Bob DeBoer's daughter suffered a traumatic brain injury when she was born in 1979, and medical professionals offered little hope she would ever walk or talk. Undeterred, he researched physical therapy strategies that spurred brain development, ultimately implementing a program that proved both predictions wrong.
DeBoer devoted the rest of his life to sharing such innovative medical and educational practices to help children with special needs grow in body and mind. He and his wife, Kathy DeBoer, in 1983 launched A Chance to Grow, which offers services such as vision therapy, auditory services and neurofeedback for struggling learners.
A decade later, the DeBoers founded New Visions Academy, now called Athlos Leadership Academy, in Brooklyn Park, one of the first charter schools in Minnesota and the nation.
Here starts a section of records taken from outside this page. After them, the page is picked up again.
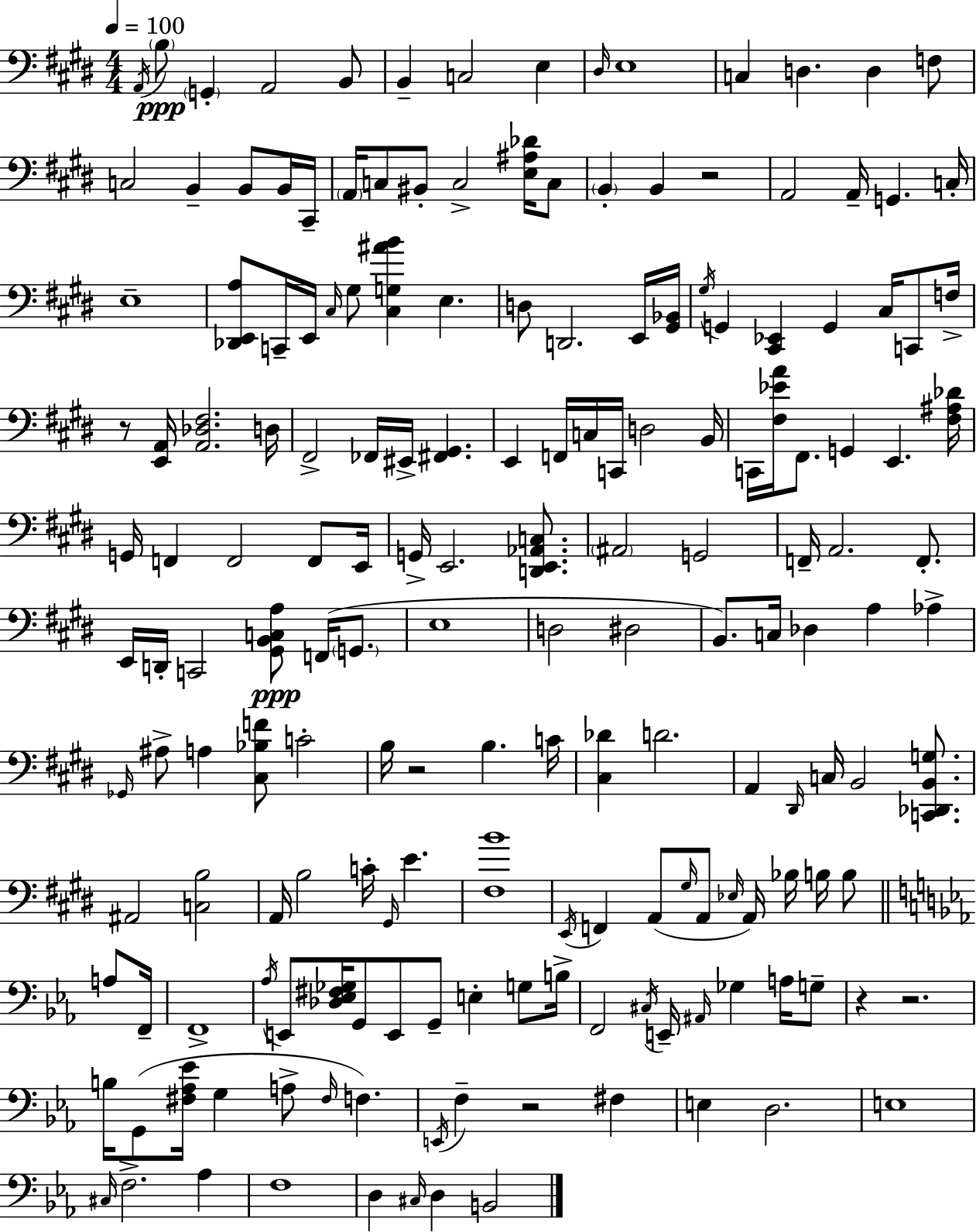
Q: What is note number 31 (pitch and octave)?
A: E3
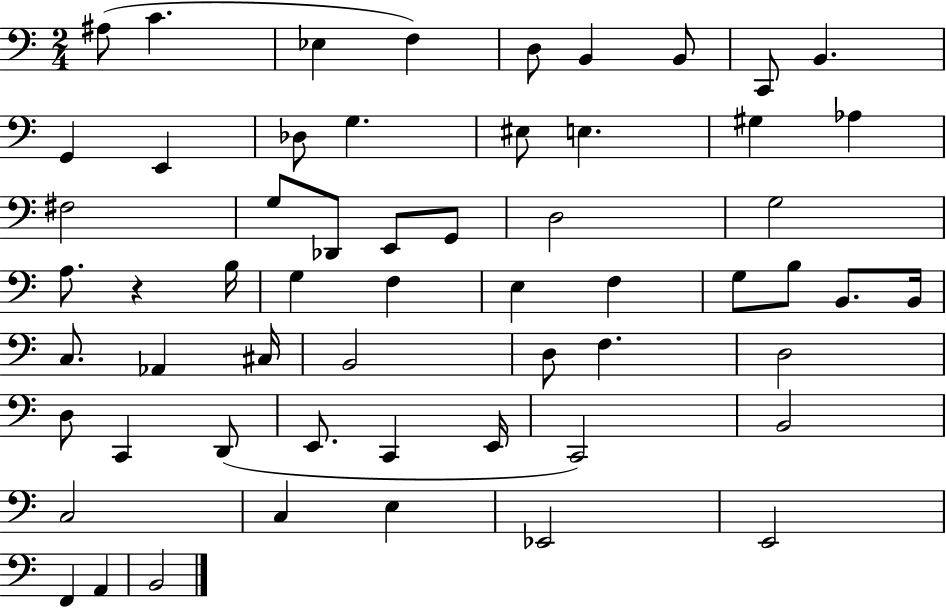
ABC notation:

X:1
T:Untitled
M:2/4
L:1/4
K:C
^A,/2 C _E, F, D,/2 B,, B,,/2 C,,/2 B,, G,, E,, _D,/2 G, ^E,/2 E, ^G, _A, ^F,2 G,/2 _D,,/2 E,,/2 G,,/2 D,2 G,2 A,/2 z B,/4 G, F, E, F, G,/2 B,/2 B,,/2 B,,/4 C,/2 _A,, ^C,/4 B,,2 D,/2 F, D,2 D,/2 C,, D,,/2 E,,/2 C,, E,,/4 C,,2 B,,2 C,2 C, E, _E,,2 E,,2 F,, A,, B,,2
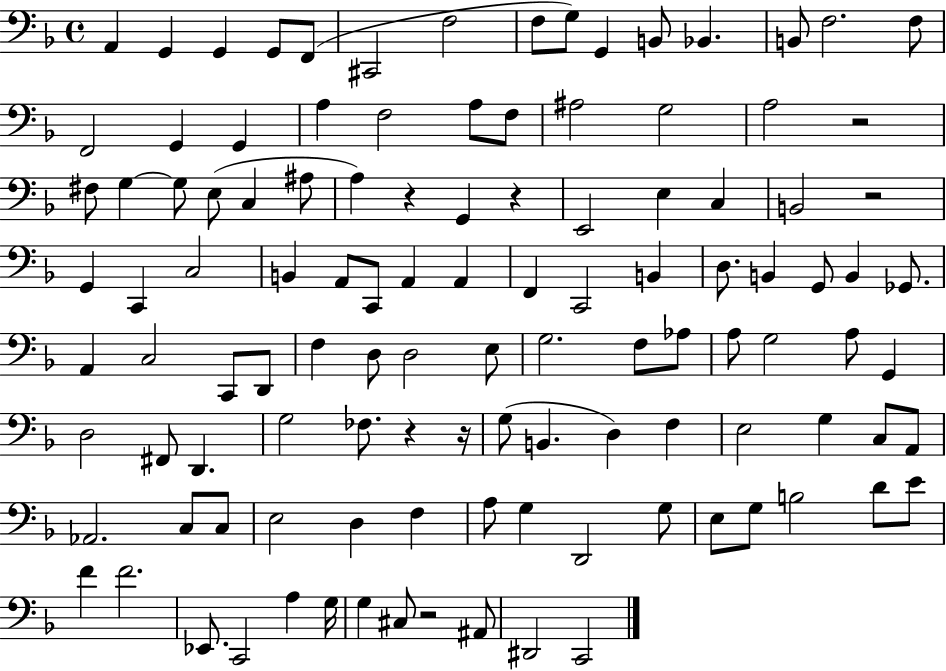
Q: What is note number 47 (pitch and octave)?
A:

When then-U.S. Secretary of Education Richard Wilson Riley visited Minnesota to research charter schools, he toured New Visions and A Chance to Grow.
"Bob was using pioneering strategies that were pretty much unknown in public education," said Joe Nathan, director of the Center for School Change and a leader in Minnesota's charter school movement. "Bob had developed techniques to teach some youngsters to read who hadn't been able to read before, and Riley hadn't seen that."
In a speech later that year, President Bill Clinton mentioned New Visions as a model for educating struggling readers, and DeBoer was invited to speak before the House Education Committee.
DeBoer, 73, of Maple Lake, Minn., died Feb. 14 of medical complications related to polio.
"He was definitely one of a kind in Minnesota," said Erica Dickerson, who became executive director of A Chance to Grow when the DeBoers stepped down in 2018. "If Bob saw a need for children, he'd find a way to address it. He was a visionary."
DeBoer was born in 1947 in Adrian, Minn., the son of Bernice and Gerrit DeBoer. He contracted polio at 18 months and spent much of his childhood hospitalized after enduring 21 surgeries, said his wife, Kathy. The experience gave him insights into what the medical system does right, and wrong, for children with disabilities, she said. Later at Macalester College, he majored in education.